After Hurricane Katrina some years ago, a man confessed on television, “Yesterday, I was a millionaire, today, I have nothing.” What he still had was life and that is the equating plane. While we have life, we are responsible for each other.
As I continue to put some focus on people with disabilities in preparation for 100 Thousand Poets for Change, I wish to highlight Angus. We all know him from outside of M&C on Bridge Street in Castries. I have a lot of admiration for Angus. Despite his disability for years, he has been coming out to set up his tray in front of the business establishment.
Angus is not the happiest of people as he shares some of his miseries with you, if you have the time and patience to listen. The one thing I know is that he is trying to get an apartment in the CDC in the city. So I write this article so that the people in the know can be aware. People like Hon.

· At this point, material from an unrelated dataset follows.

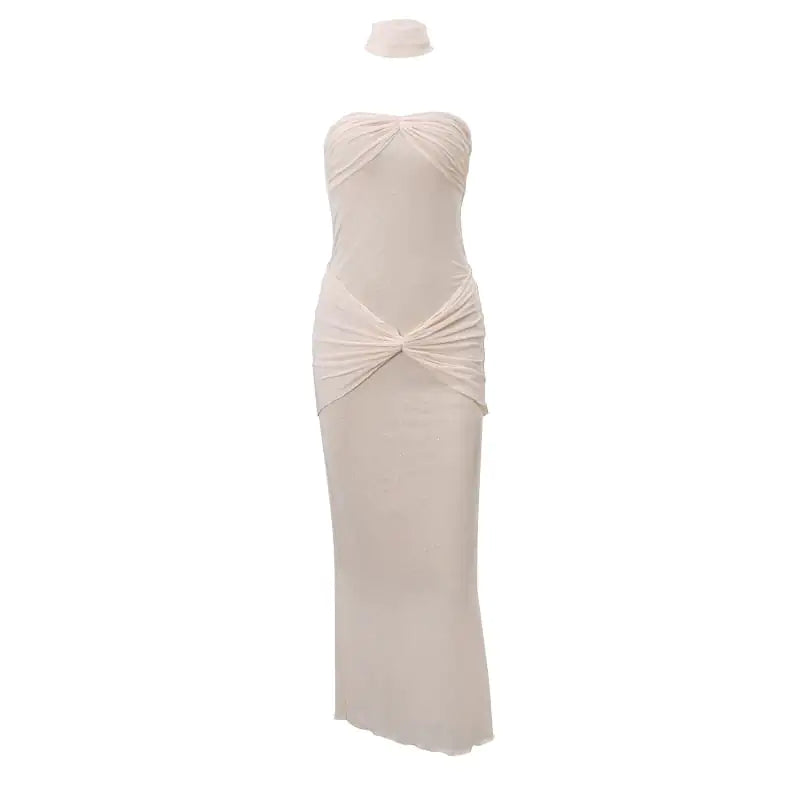 Slightly Transparent Fishtail Gown with Sequins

Sarah Flood-Beaubrin, the disability council (if we have one), Ministry of Planning or HUDC — or whoever is responsible for rental of the CDC apartments.
Transportation can be very expensive for Angus on any given day as he lives a bit off-route at City Gate in La Clery. He told me that he has to pay the bus drivers $10 to get out of his home and $10 get back home. This is just the start of his distress.

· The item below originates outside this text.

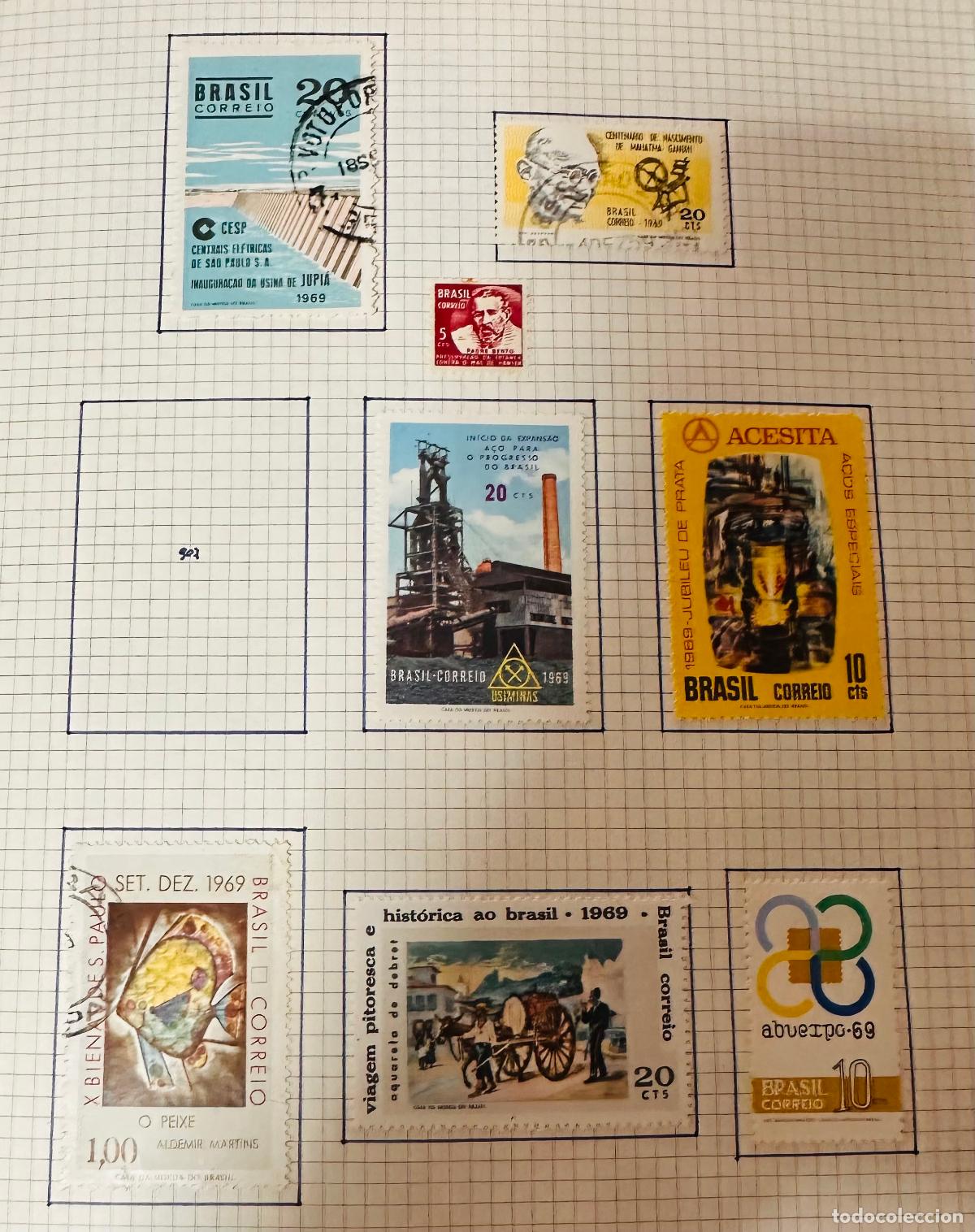 Sellos: CMI) 1969. BRAZIL. S&Atilde;O PAULO DAM, MAHATMA GANDHI, ACESITA COMPLEX, &rdquo;FISH&rdquo; BY ALDEMIR MARTINS (X BIEN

I remember one night while I was passing through town, sun almost set, seeing Angus out on the streets in Castries. At the time, he lived at Bishop’s Gap, Marchand. That was quite a reflection on our society. No one was moved with compassion to push Angus home. We have become a very busy people.
In last week’s article, I did say that a lot of us live to satisfy societal pressure and for some of us it would be demeaning to push a disabled person on a wheelchair home, passing through the middle of the city.
Angus was not born disabled. This is for all the people who walk the street strutting their chin above everybody else’s. The way you are born is not the way you die, so take a look in the mirror and do not think yourself more important than others.
To the politicians who like to manstipé on the poor and the vulnerable prior to elections, taking photos and mingling with them, this one needs your help now.
We are a collective. On September 30, let’s get ready to take a look in the mirror as we focus on people with special needs as Ponm Damou Kreations takes part in the global event, 100 Thousand Poets for Change.